FX Market Summary 10-15-2013: Frustrated dollar bears trigger recovery

Discussions surrounding the US shutdown and debt ceiling have intensified as the October 17th deadline becomes ever more pressing. Under tentative plans formulated in the Senate, the debt limit would be extended to February and the government funded through January with comprehensive budget discussions in the interim period.

There is still a high degree of uncertainty surrounding the House of Representatives stance even if the Senate can reach agreement. The overall tone was generally more positive which underpinned risk appetite and also underpinned the dollar as USD/JPY moved to highs around 98.70.

The Australian dollar gained from a neutral set of Reserve Bank minutes as well as the improvement in risk conditions with AUD/USD breaking above the 0.95 level for a peak near 0.9550.

The headline German ZEW index was stronger than expected at 52.8 for September from 49.6 previously. The overall elements were, however, mixed and failed to provide any sustained Euro support. Similarly, a sharp decline in Greek bond yields failed to provide any currency backing.

The Euro was vulnerable to a correction after failing to break above resistance levels in the 1.36 area with a further suggestion that a prominent Asian central bank was defending this resistance area which increased the potential for a short-term correction and also frustrated Euro bulls. The dollar found strong support against the Swiss franc with a USD/CHF move above the 0.9130 area helping to trigger wider upward pressure on the US currency.

EUR/USD dipped sharply ahead of the US open with a slide to the 1.35 area and stop-loss selling then triggered lows in the 1.3480 area before consolidation in a 1.3480-1.3500 range as markets waited fresh US developments.

The US New York Empire index was weaker than expected at 1.5 for September from 6.3 previously, reinforcing speculation that the US government shutdown could have a wider impact in undermining the economy as well as further dampening any expectations of an October Fed tapering.

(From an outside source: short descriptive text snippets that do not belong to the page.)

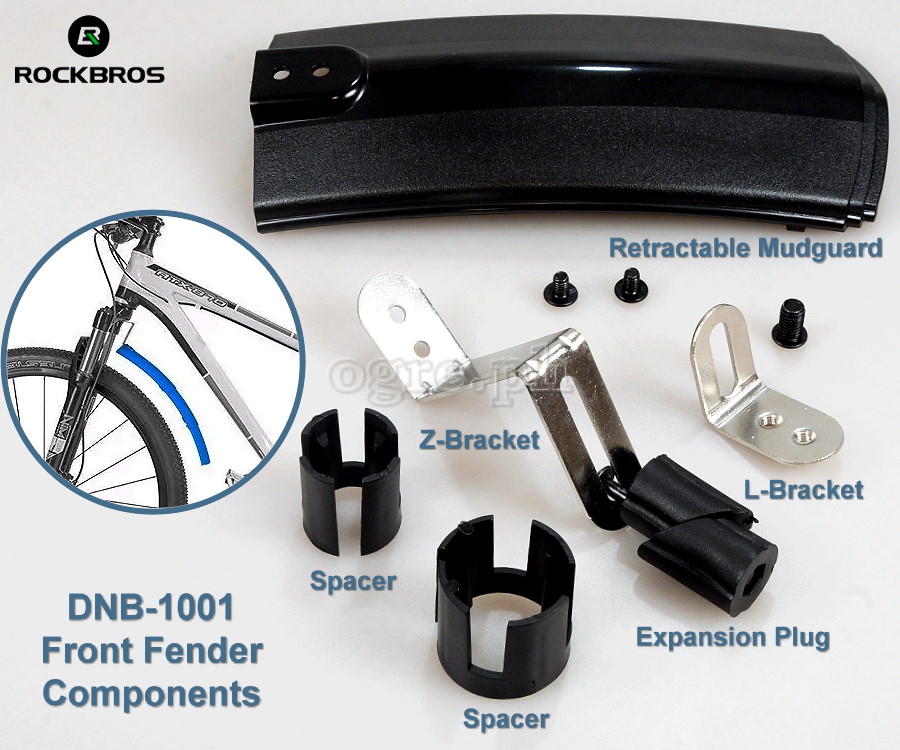 DNB-1001 Universal Front and Rear Retractable Mudguard Set with LED Tail Light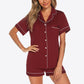Contrast Piping Button Front Top and Shorts Lounge Set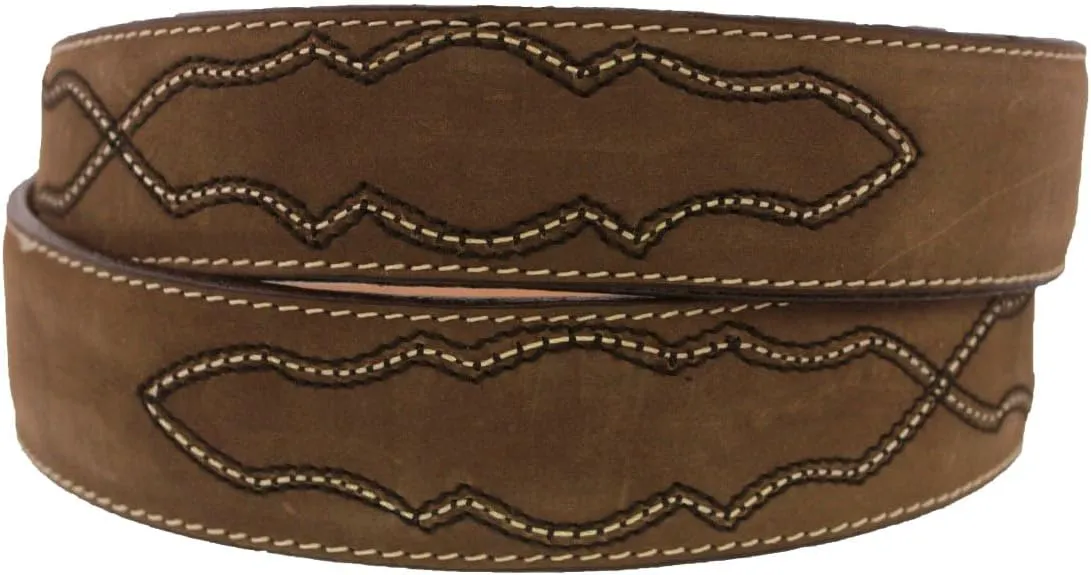 Mens #480 Brown Western Cowboy Belt Stitched Leather Rodeo Buckle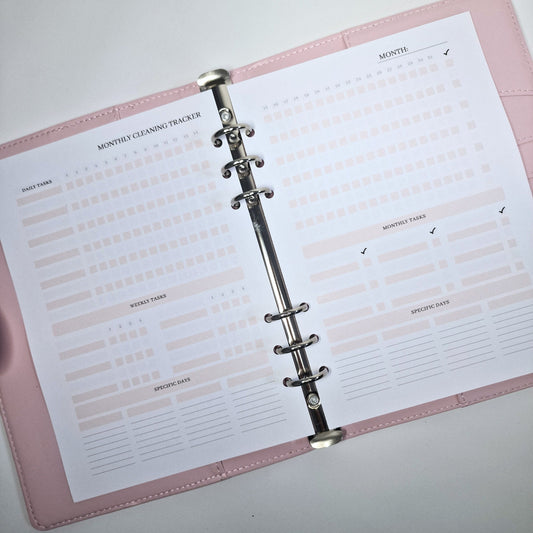Printed A5 Organiser Inserts |  Cleaning tracker for Daily, Weekly & Monthly Cleaning Routines Tick off to do lists
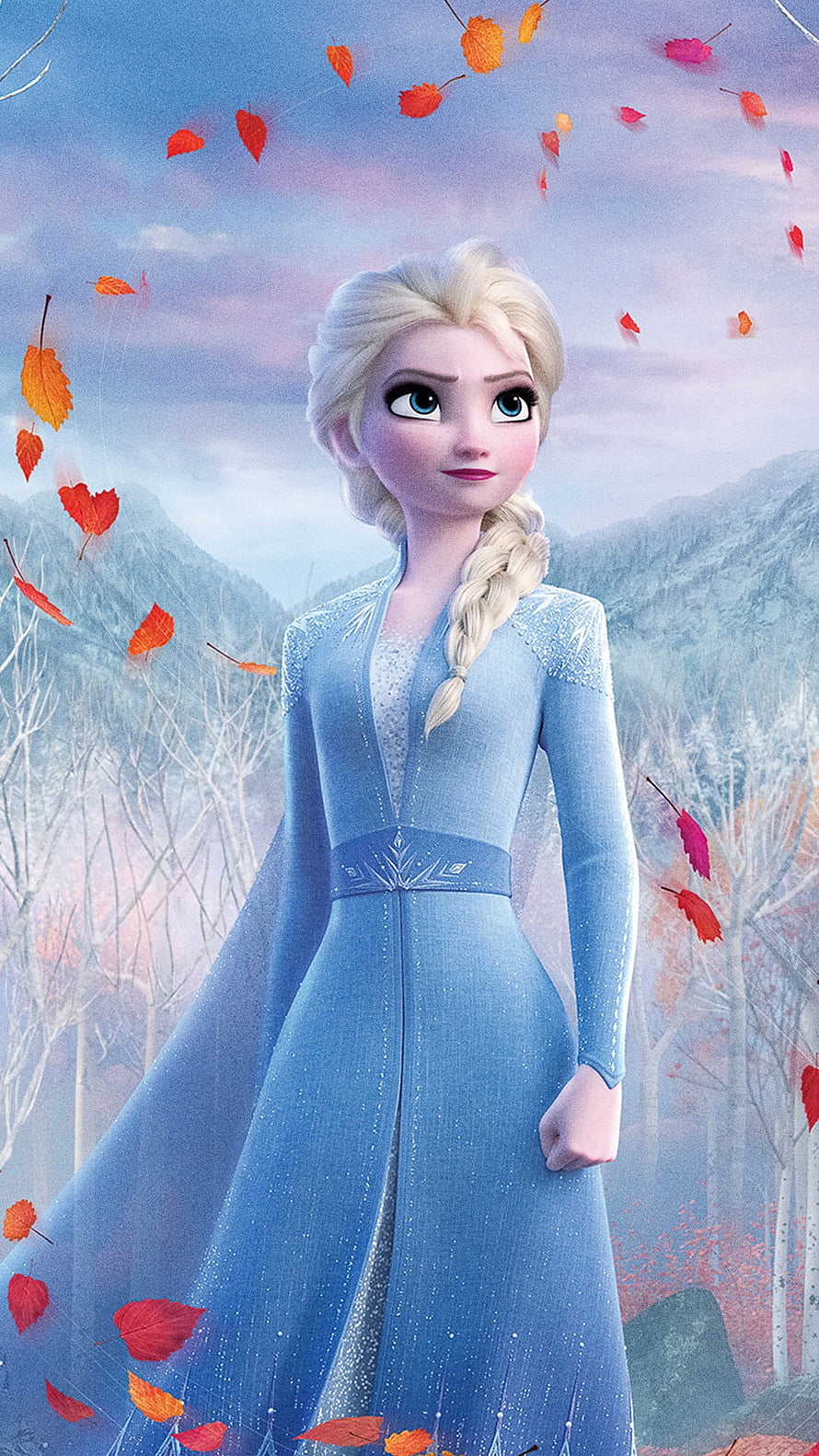 Elsa from Frozen in a shimmering blue gown with falling autumn leaves and misty mountains HD phone wallpaper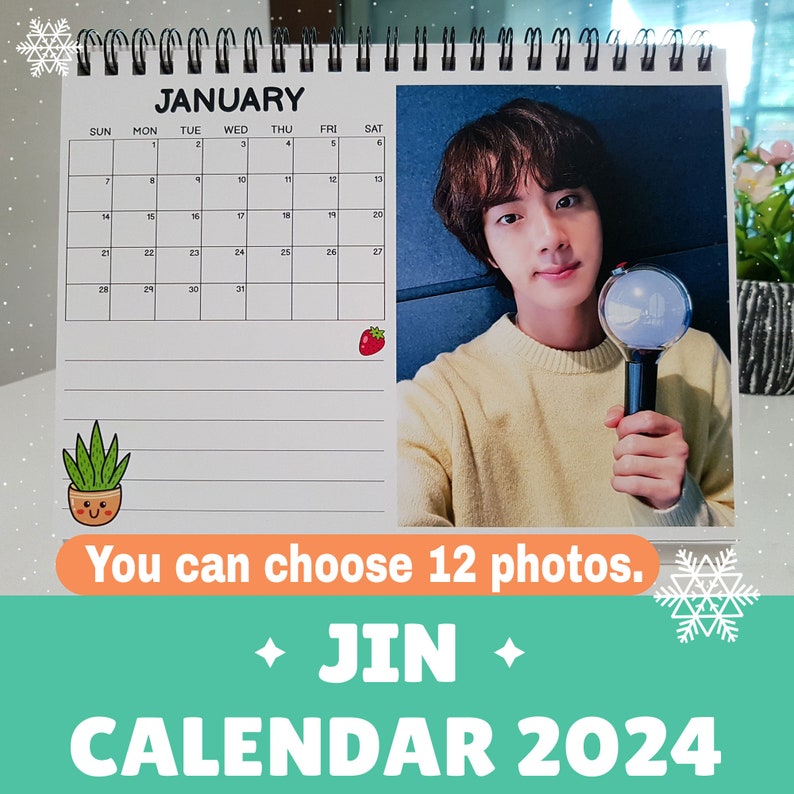 JIN Calendar 2024/BTS Calendar 2024 Desk Calendar Size 68 Inches You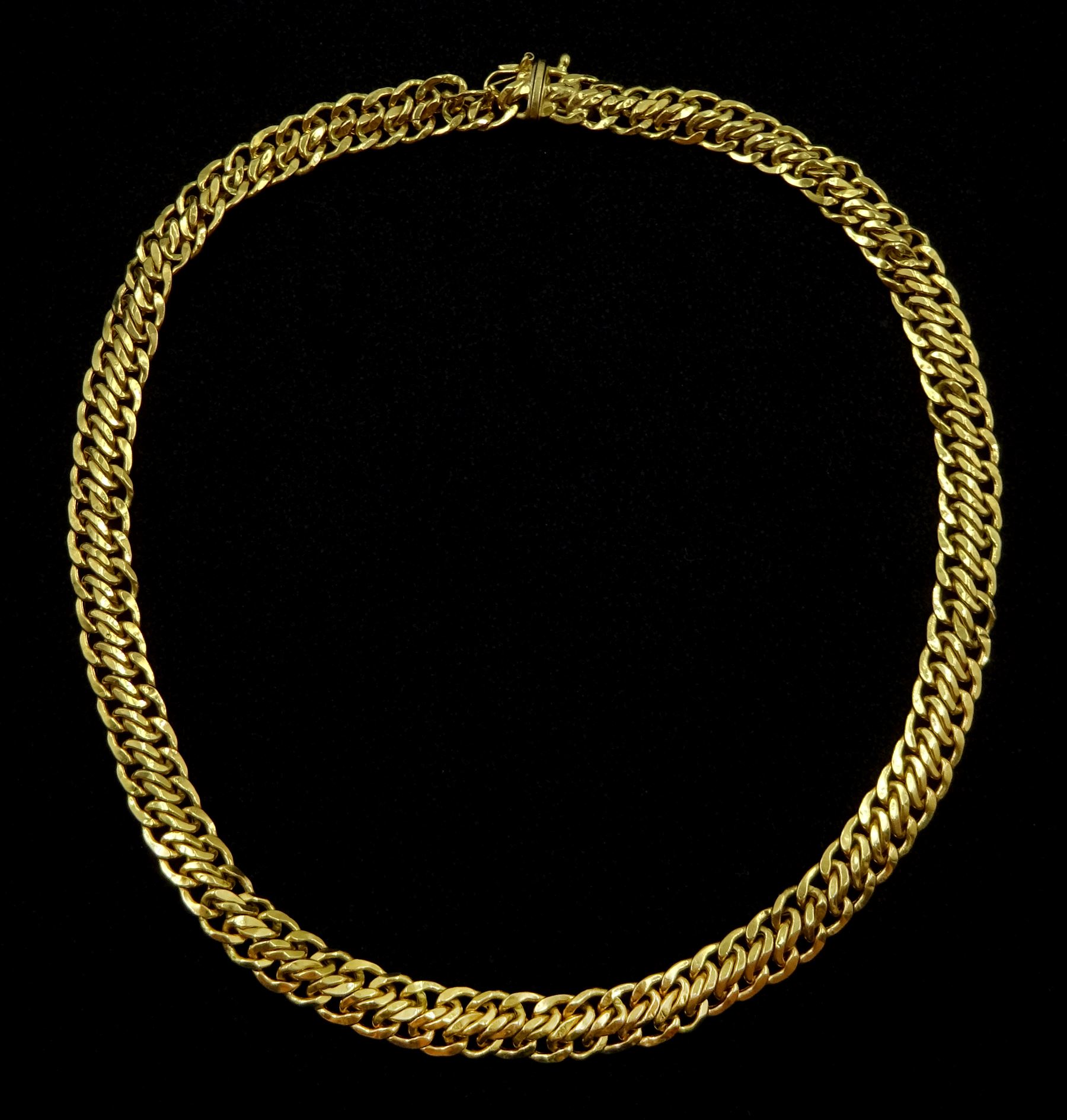 18ct gold flattened link necklace, Sheffield import mark 1992 ...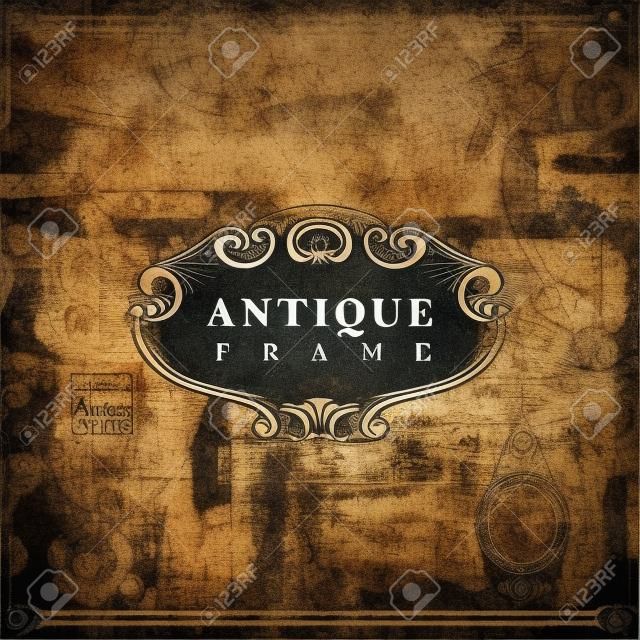Vector banner or antique frame on abstract hand-drawn background with vintage art objects, furniture and antiques in grunge style. Suitable for flyer, label, price tag, design element for antique shop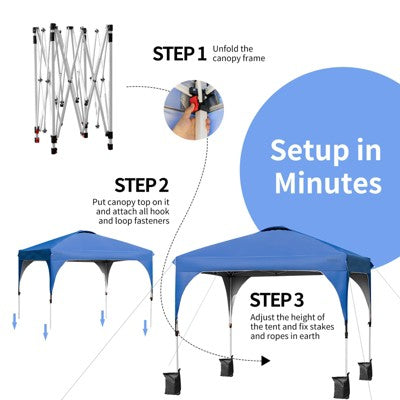  Tangkula Pop-up Canopy Tent 10’ X 10’ Height Adjustable Commercial Instant Canopy W/ Portable Roller Bag Blue/ White/ Grey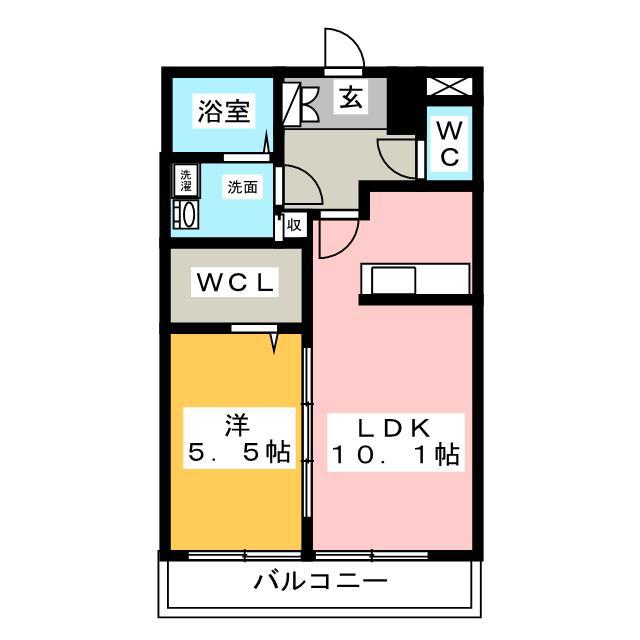 セレスト(1LDK/4階)の間取り写真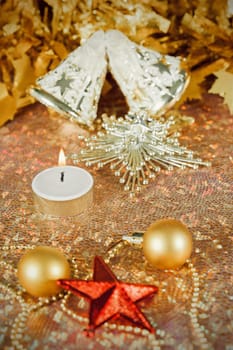 Christmas decorations on abstract background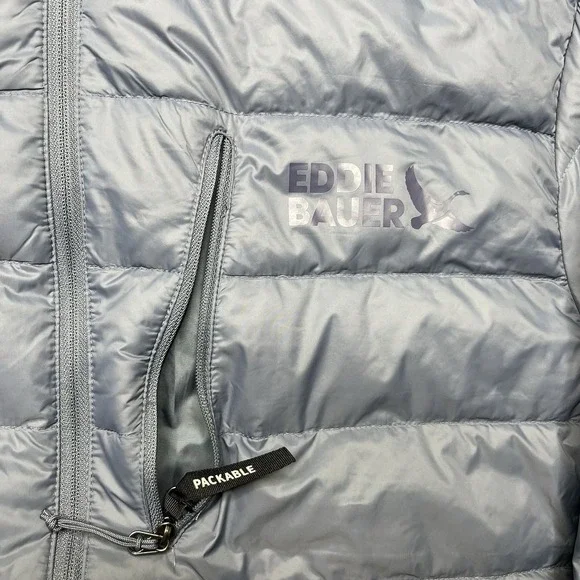 Eddie Bauer 550 Down Puffer Jacket Mens Medium Gray Hooded Lightweight Packable - Picture 5 of 14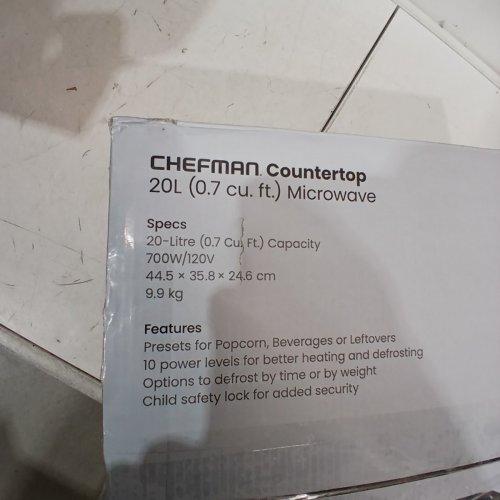 CHEFMAN COUNTERTOP MICROWAVE OVEN - 0.7 CU. FT - BLACK (MODEL: RJ55-7-V2-CA) image 5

The UK consumer inflation rate held steady at 2.7% for September, contrary to expectations of a slight decline, while there was an increase in the core rate. Traders also tended to focus on an increase in house prices with an overall index at record highs in nominal terms. GBP/USD briefly pushed above the 1.6000 level before hitting resistance again and then sinking sharply as the US currency secured wider gains before finding support below 1.5920.